Which brings us to the core of engineering -- anyone can build a system that burns dump trucks full of venture capital dollars to create the one-system-to-rule-them-all. But businesses that want to succeed need to optimize their costs so their storage systems don't break the bank. This is why the current status-quo of specialized systems that do one task well isn't going to change. The current technology paradigm cannot be optimized for every task simultaneously. We have to make tradeoffs.

I don't know. For me, I need

* a primary transactional DB that I can write fast, with ACID guarantees and a read-after-write guarantee, and allows failover

* one (or more) secondaries that are optimized for analytics and search. This should also tell me how caught up the system is, with the primary.

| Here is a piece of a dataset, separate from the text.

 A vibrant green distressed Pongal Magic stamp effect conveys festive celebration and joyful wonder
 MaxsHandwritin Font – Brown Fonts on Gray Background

If they all can talk the same language (SQL) and can replicate from primary with no additional tools/technology (postgres replcation for example), I will take it any day.

It is about operational simplicity and not needing intimately to know multiple technologies. Granted, even if this is "just" postgresql, it really is not and all customizations will have their own tuning and whatnot, but the context is all still postgresql.

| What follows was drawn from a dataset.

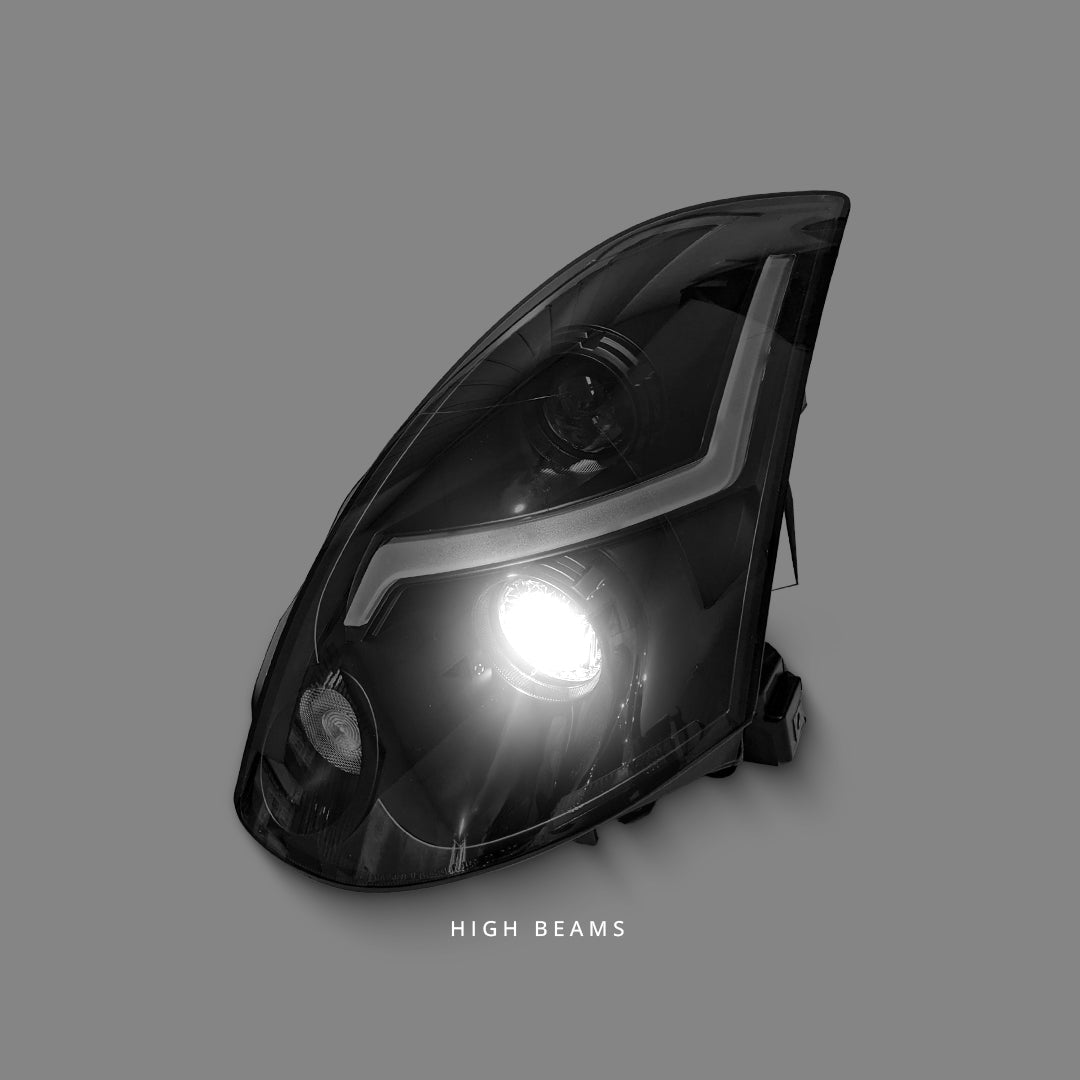 Nissan Skyline V35 350GT Coupe (2001 - 2006) Black 3D LED DRL Projector Headlights LH + RH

Yes, this will not magically solve the CAP theorem, but for most cases we don't need to care too much

Yeah, in general, I think a lot of businesses would love to skip ETL pipelines if possible / consolidate data. Postgres is a very much a neutral database to extend upon, maybe a wild analogy but it's the canola oil of databases
Total tangent, but I think "Canola is a neutral oil" is a lie. It's got the most distinctive (and in my opinion, bad) flavor of the common cooking oils.
What would you say is the most neutral oil then?
Sunflower oil? It seems to very reliably taste like nothing.
Personally I have Canola and Sunflower oil tied. Vegetable Oil I guess deserves a mention here too.
If canola oil tastes like something, it's really disgusting IMO. I kinda hate the stuff even though my dad made good money growing it. OTOH, the very sweet smell of the plant's flowers is pleasant enough if pretty basic and the honey is similar.
Shout out to grapeseed oil
Once upon a time, I was using postgres for OLTP and OLAP purposes combined with in-database transforms using TimescaleDB. I had a schema for optimized ingestion and then several aggregate views which produced a bunch of purpose-specific "materialized" tables for efficient analysis based on the ingestion tables.

Timescale had a nice way of abstracting away the cost of updating these views without putting too much load on ingestion (processing multiple TBs of data a time in a single instance with about 500Gb of data churn daily).

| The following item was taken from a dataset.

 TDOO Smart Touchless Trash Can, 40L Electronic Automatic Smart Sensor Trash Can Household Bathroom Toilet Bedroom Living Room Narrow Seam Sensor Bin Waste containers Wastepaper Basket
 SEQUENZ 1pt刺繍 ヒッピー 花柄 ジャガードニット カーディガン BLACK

One db that could be interesting here is CrateDB. It's a Lucene based DB that supports the postgres wire protocol. So you can run SQL queries against it.

I've tried figuring out if it supports acting as a pg read-replica, which sounds to me like the ideal set up - but it doesn't seem to be supported.

I have no affiliation to them, just met the team at an event and thought it sounded cool.

One of the ParadeDB maintainers here -- Being PostgreSQL wire protocol compatible is very different from being built inside Postgres on top of the Postgres pages, which is what ParadeDB does. You still need the "T" in ETL, e.g. transforming data from your source into the format of the sink (in your example CrateDB). This is where ETL costs and brittleness come into play.

You can read more about it here: https://www.paradedb.com/blog/block_storage_part_one

Sounds very interesting! Unfortunately AGPL license makes it hard to bring into projects.
How so? Many popular projects are AGPL. MinIO, Grafana, etc.

We wrote about this here: https://www.paradedb.com/blog/agpl

So, I'm not versed enough in legal matters to be certain about this, so I tend to fallback to caution, but (A) customers I've worked with in the past seem to be wary of such copyleft licenses and (B) the contagious nature of such license would make me think twice about using it in a project of my own as well.

It would be nice to have such notion challenged but I'm not sure what would change my mind.

I would expect that most commercial companies that use Grafana would obtain a commercial license?